What is being asked:
No pictures, please. Copy exactly the lines from the one with "27 Fraserwood Court, Cambridge, ON" through the final line below.

(Raw data)

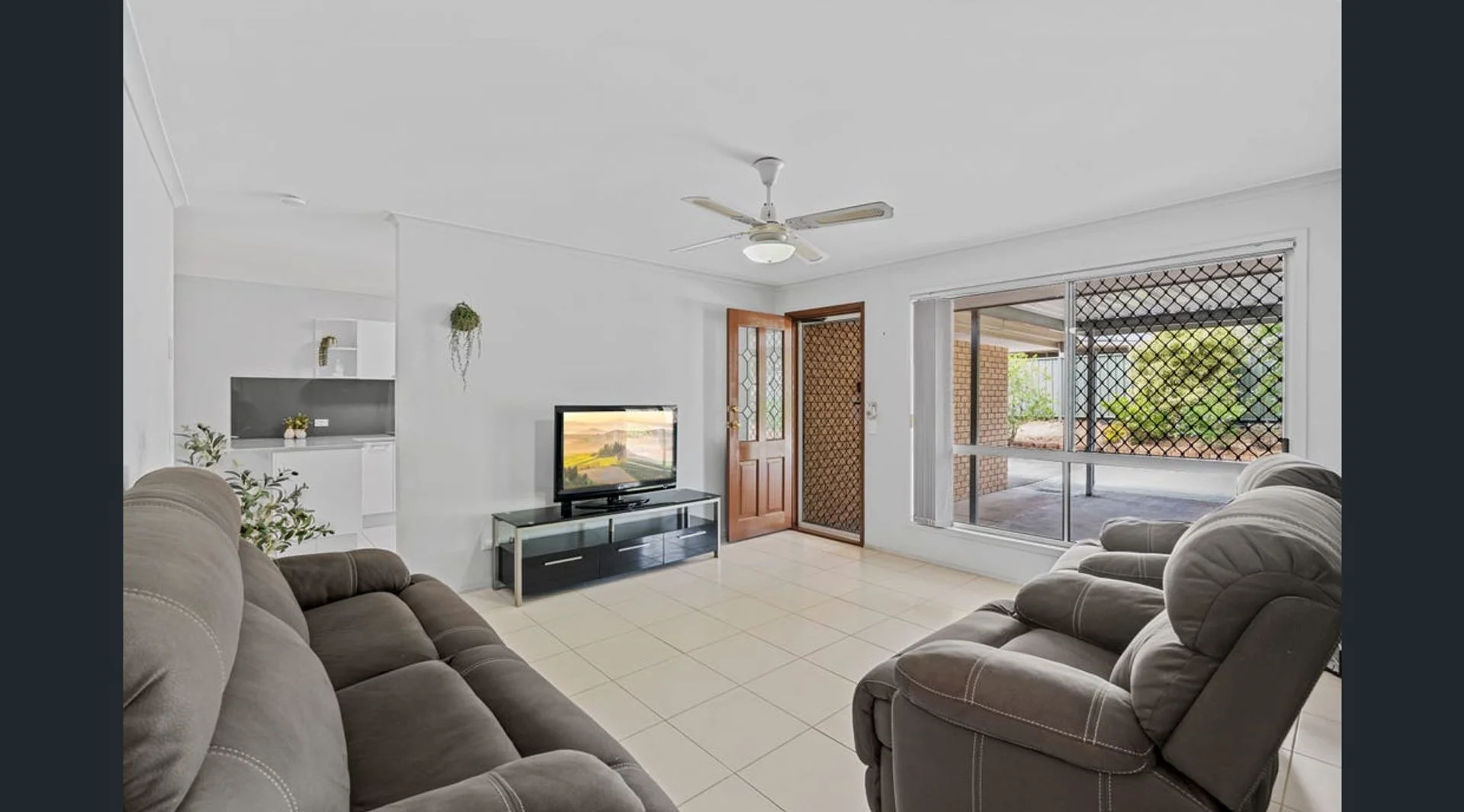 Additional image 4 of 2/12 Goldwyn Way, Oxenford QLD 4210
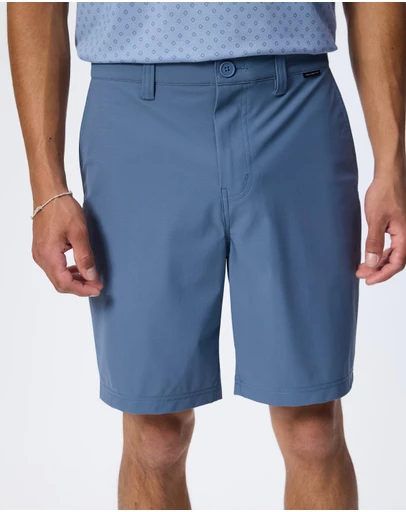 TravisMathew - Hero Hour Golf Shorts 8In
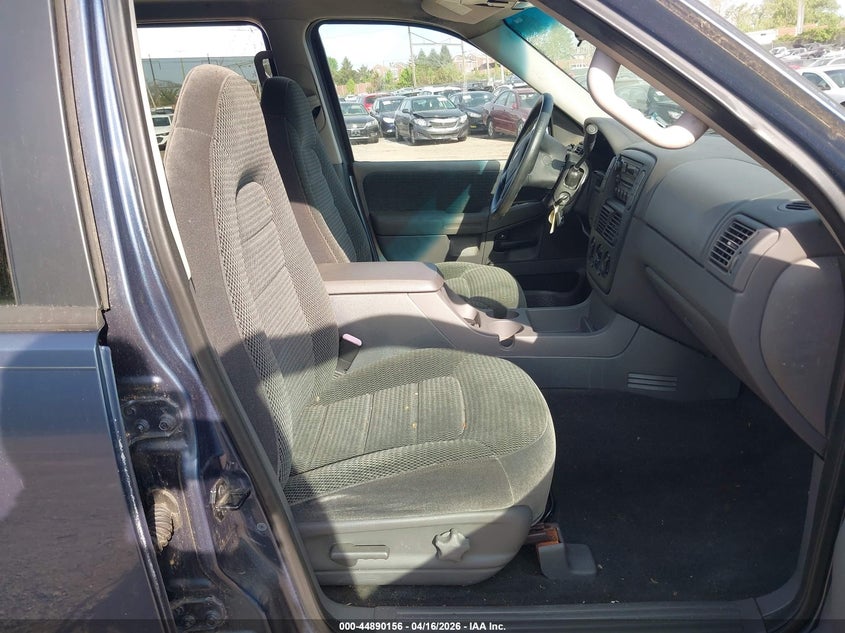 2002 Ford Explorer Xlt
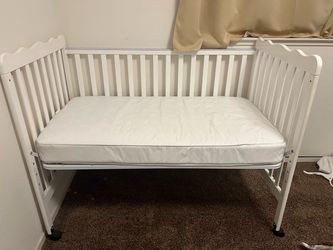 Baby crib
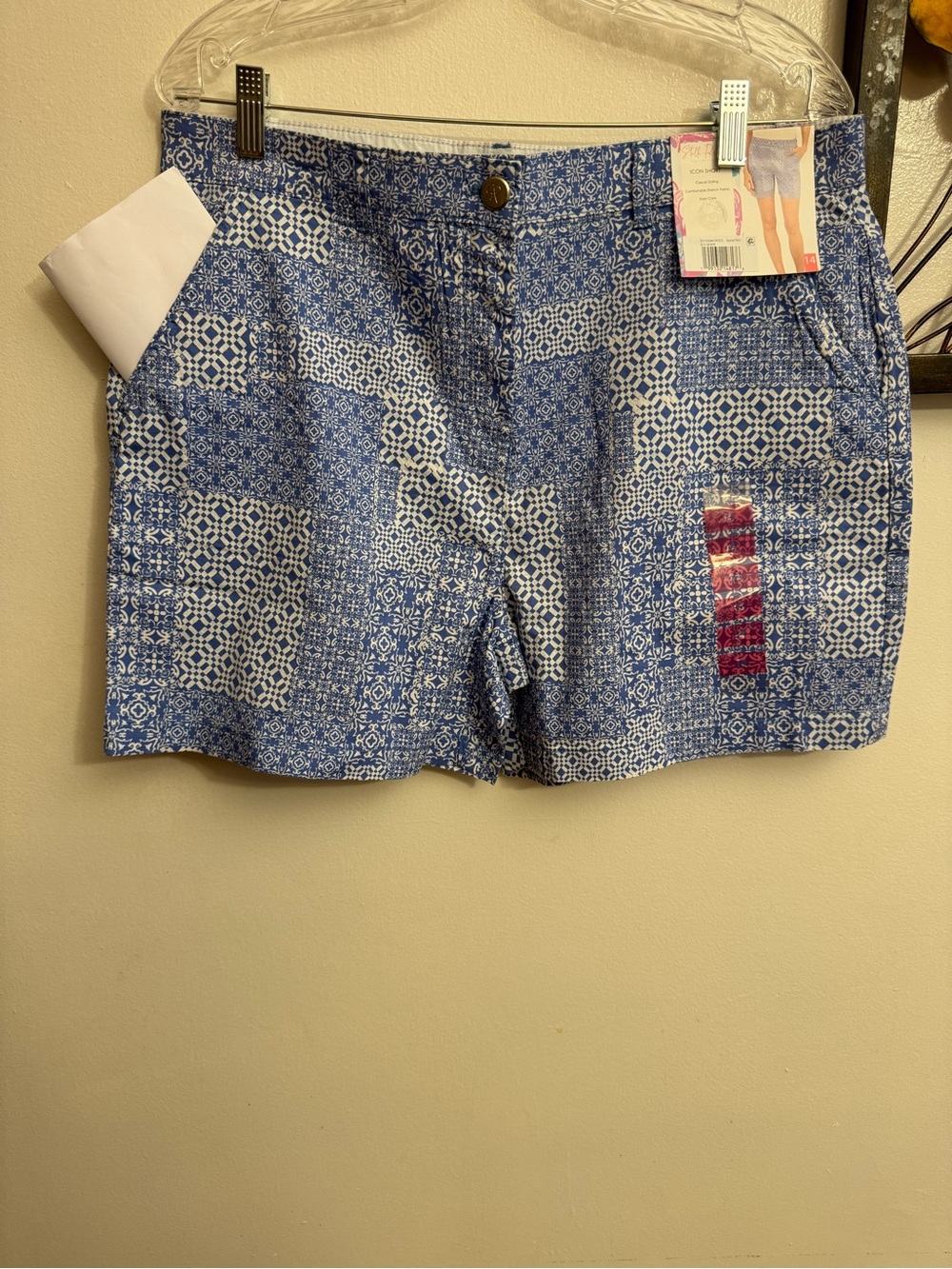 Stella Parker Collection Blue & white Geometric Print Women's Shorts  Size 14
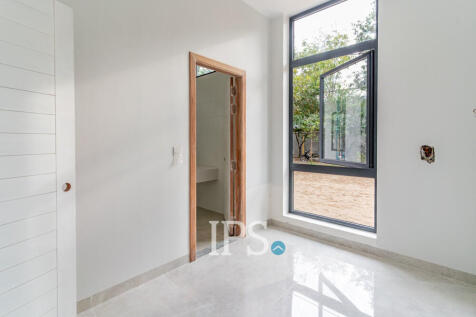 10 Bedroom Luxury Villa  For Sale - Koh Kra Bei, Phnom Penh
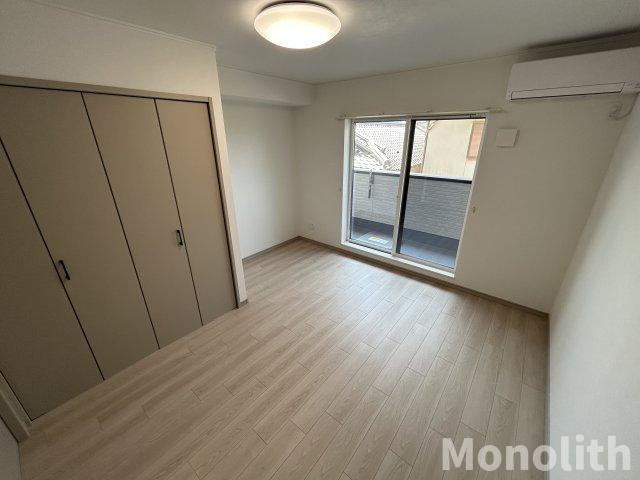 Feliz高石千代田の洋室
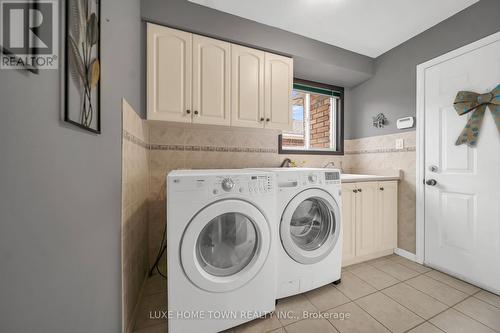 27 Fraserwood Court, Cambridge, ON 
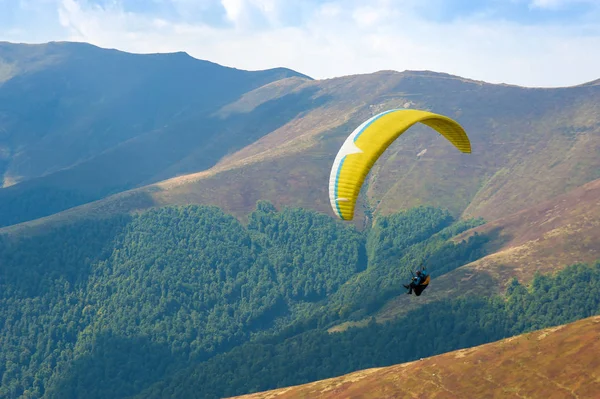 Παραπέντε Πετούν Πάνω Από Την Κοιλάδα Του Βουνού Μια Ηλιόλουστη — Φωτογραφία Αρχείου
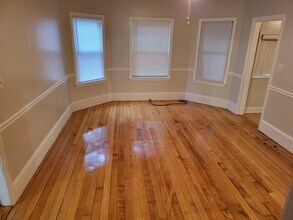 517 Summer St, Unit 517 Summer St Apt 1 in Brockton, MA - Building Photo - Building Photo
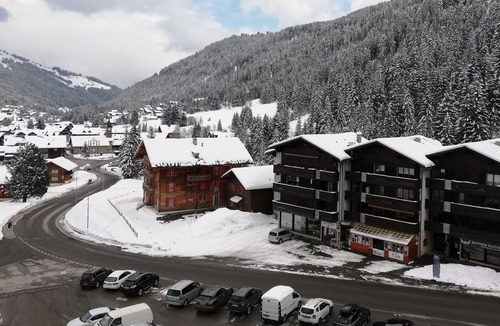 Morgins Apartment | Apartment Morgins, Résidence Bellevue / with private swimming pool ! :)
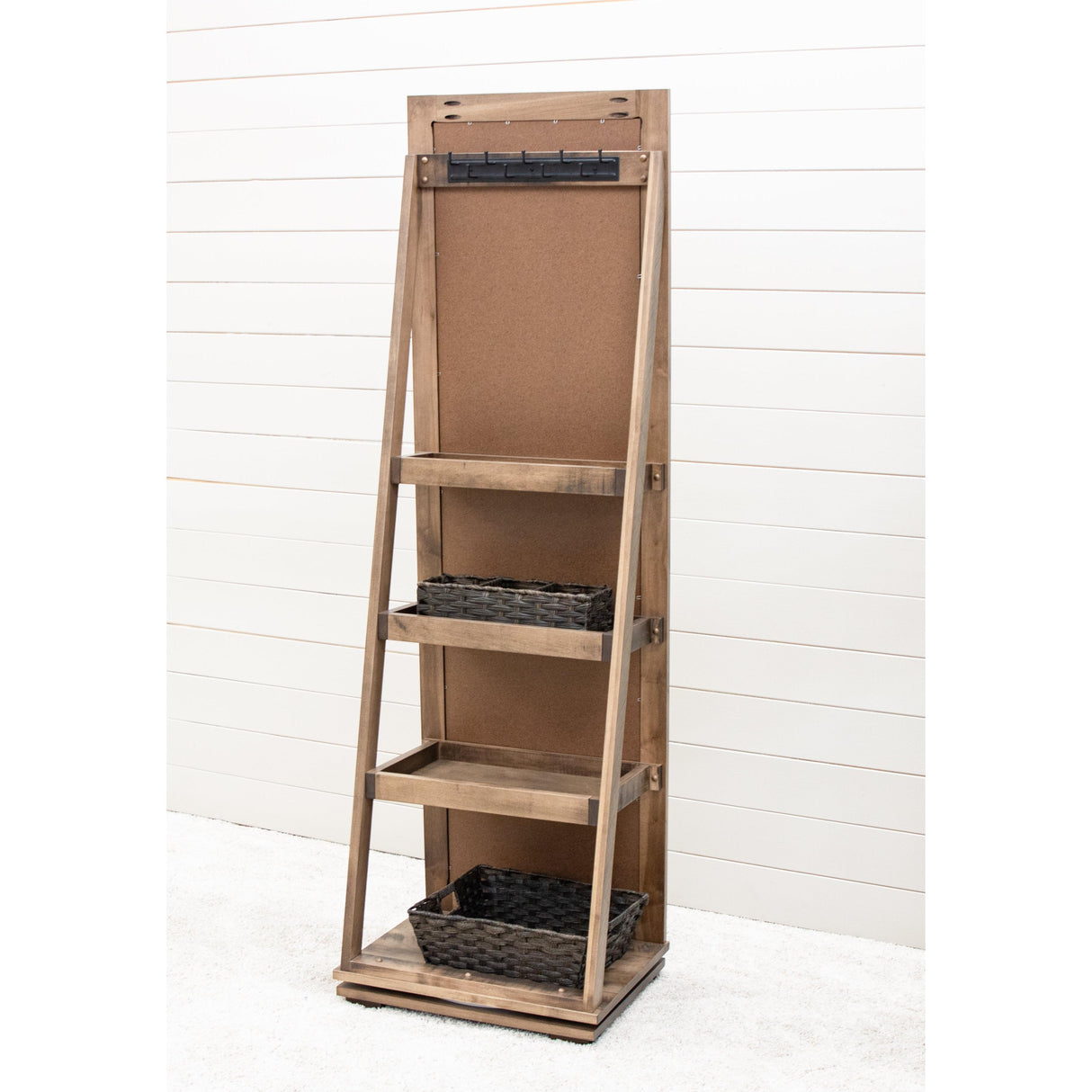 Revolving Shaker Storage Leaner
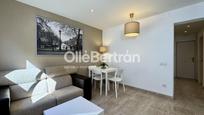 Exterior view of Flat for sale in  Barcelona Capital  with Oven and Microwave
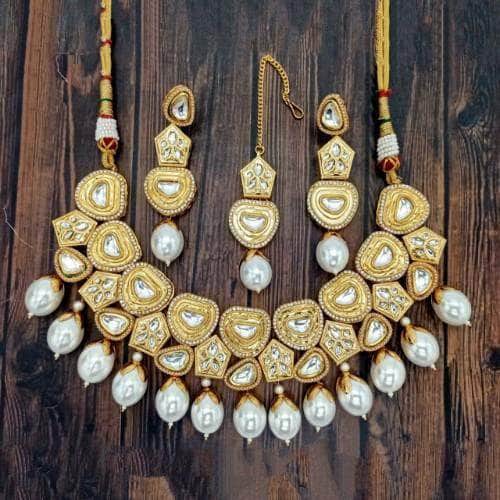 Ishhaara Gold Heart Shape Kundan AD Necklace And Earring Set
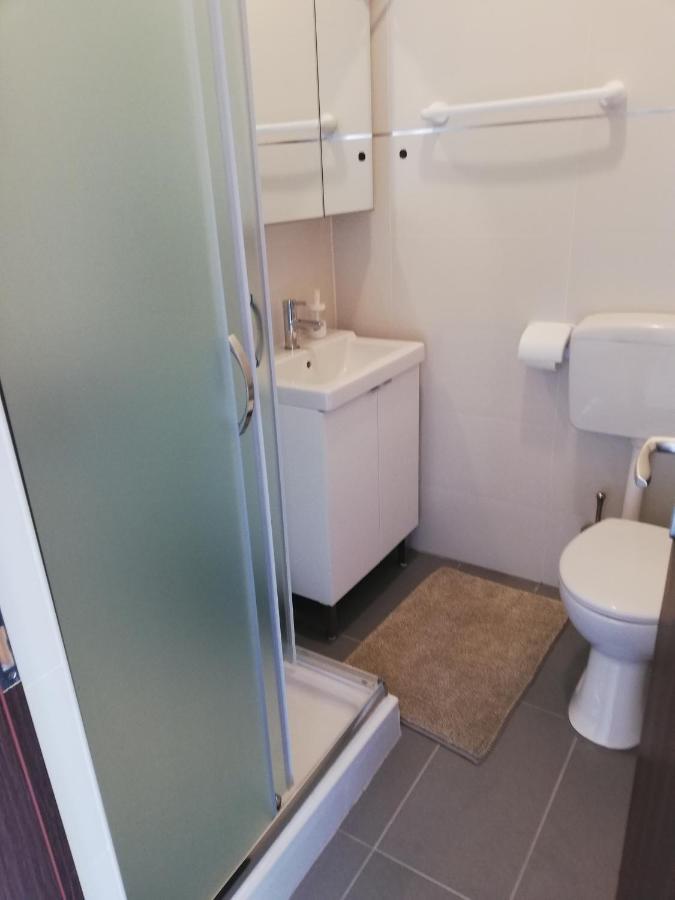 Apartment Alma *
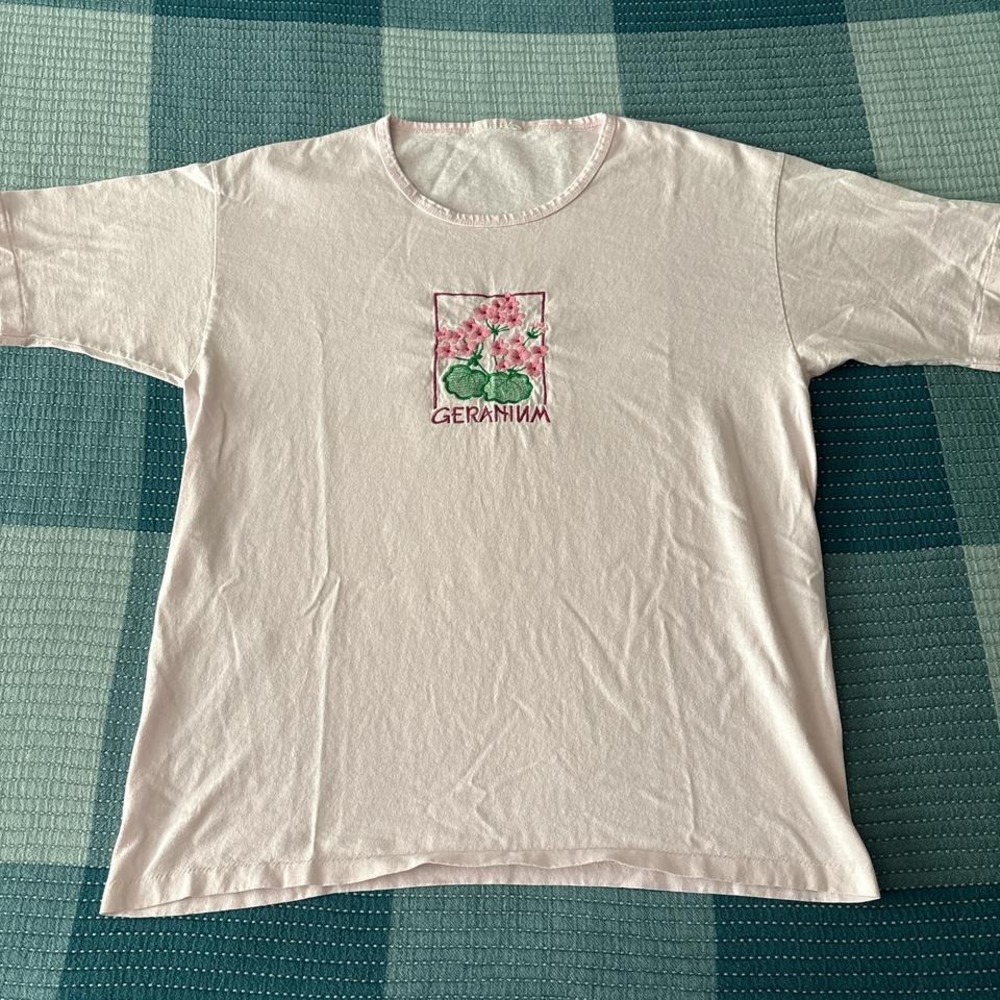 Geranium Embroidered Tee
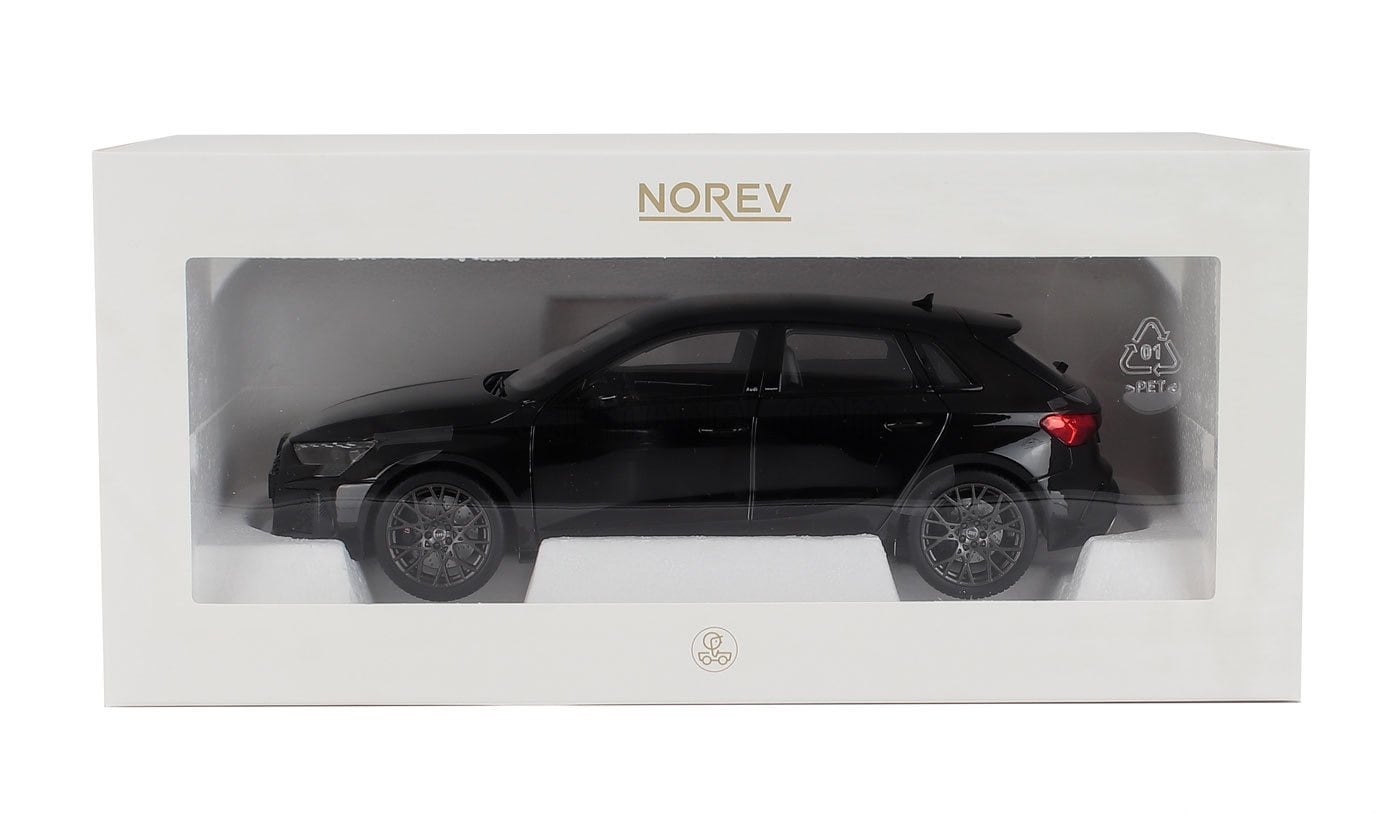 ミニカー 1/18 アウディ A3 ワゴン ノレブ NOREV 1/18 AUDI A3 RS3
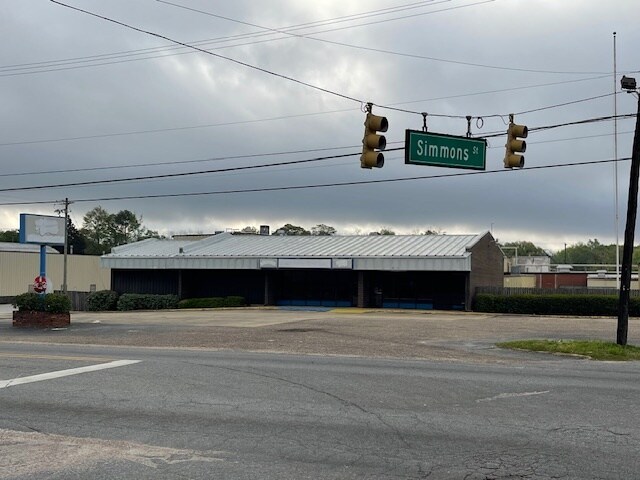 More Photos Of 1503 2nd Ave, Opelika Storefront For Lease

(End Raw data)

Result of this task:
 27 Fraserwood Court, Cambridge, ON 
 Παραπέντε Πετούν Πάνω Από Την Κοιλάδα Του Βουνού Μια Ηλιόλουστη — Φωτογραφία Αρχείου
 517 Summer St, Unit 517 Summer St Apt 1 in Brockton, MA - Building Photo - Building Photo
 Morgins Apartment | Apartment Morgins, Résidence Bellevue / with private swimming pool ! :)
 Revolving Shaker Storage Leaner
 Exterior view of Flat for sale in  Barcelona Capital  with Oven and Microwave
 Ishhaara Gold Heart Shape Kundan AD Necklace And Earring Set
 Apartment Alma *
 Geranium Embroidered Tee
 ミニカー 1/18 アウディ A3 ワゴン ノレブ NOREV 1/18 AUDI A3 RS3
 More Photos Of 1503 2nd Ave, Opelika Storefront For Lease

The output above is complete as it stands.